### EXERCISE REQUIREMENTS
In full and word for word, copy the listing; no pictures belong in the copy.

### DATA BELOW
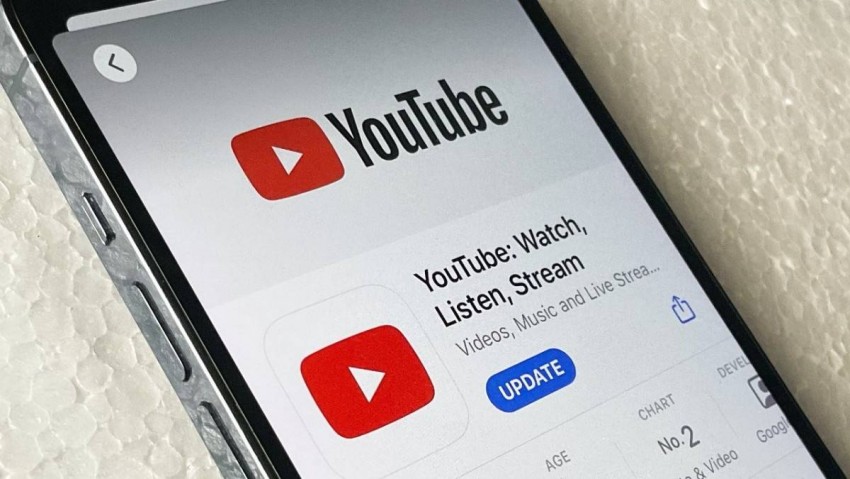 Nếu bị chia tách, Google sẽ ra sao khi không còn Android hay YouTube ?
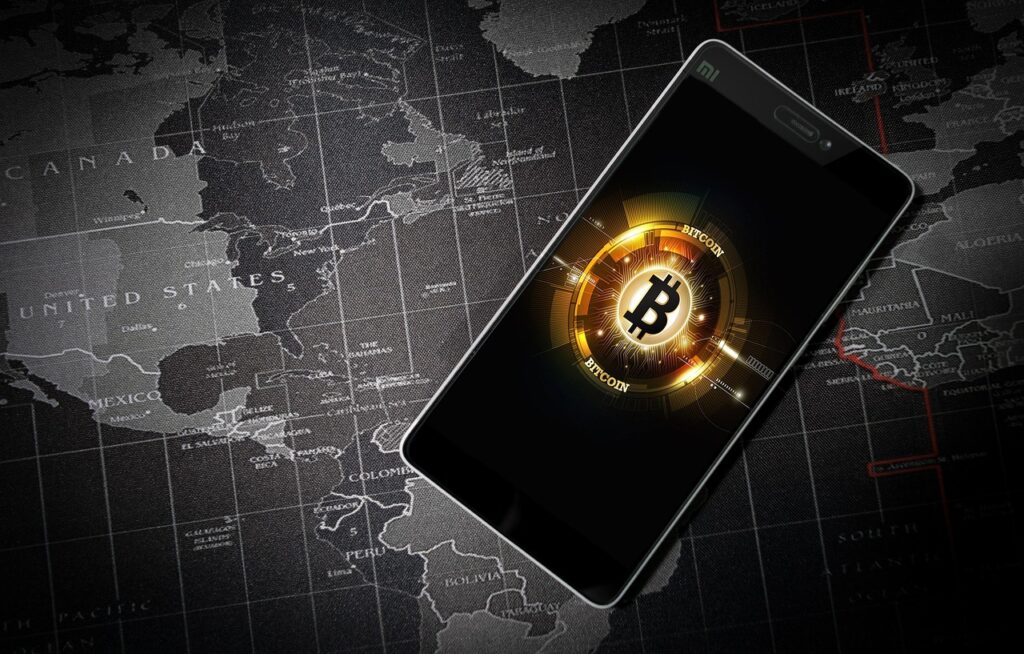 Blockchain for Cold Chain Logistics Market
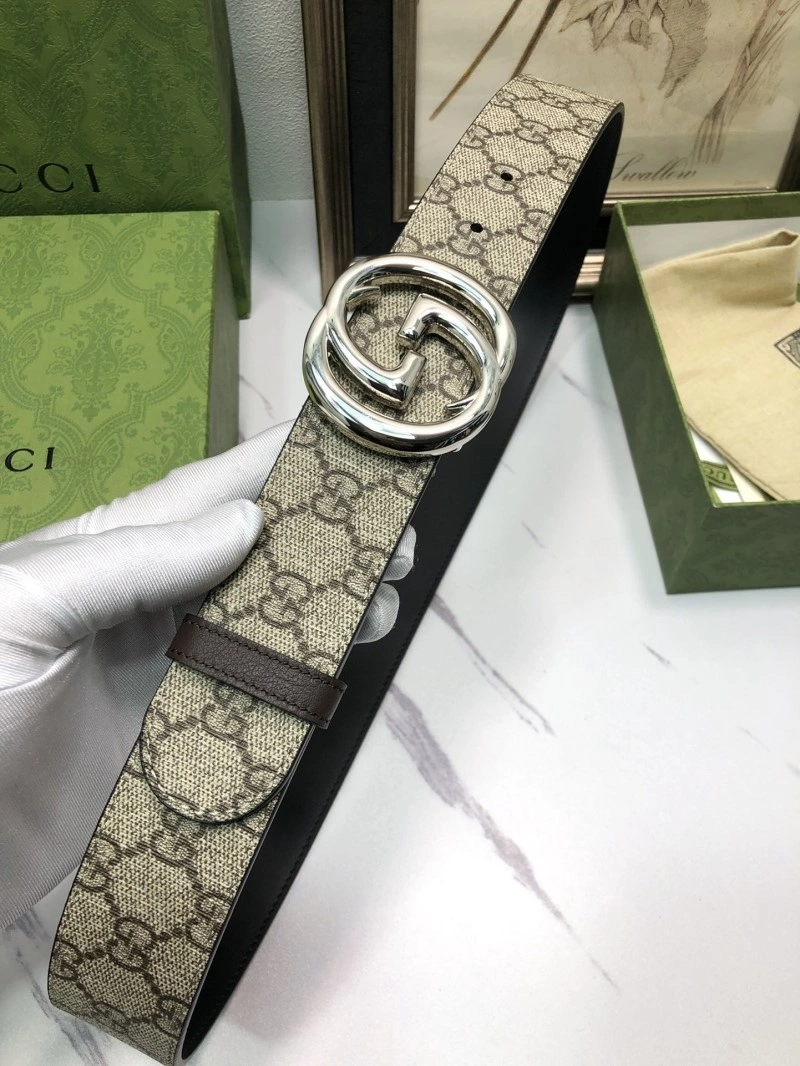 Gucci Belts HighPerformance 290680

### ANSWER FOR THIS EXERCISE
 Nếu bị chia tách, Google sẽ ra sao khi không còn Android hay YouTube ?
 Blockchain for Cold Chain Logistics Market
 Gucci Belts HighPerformance 290680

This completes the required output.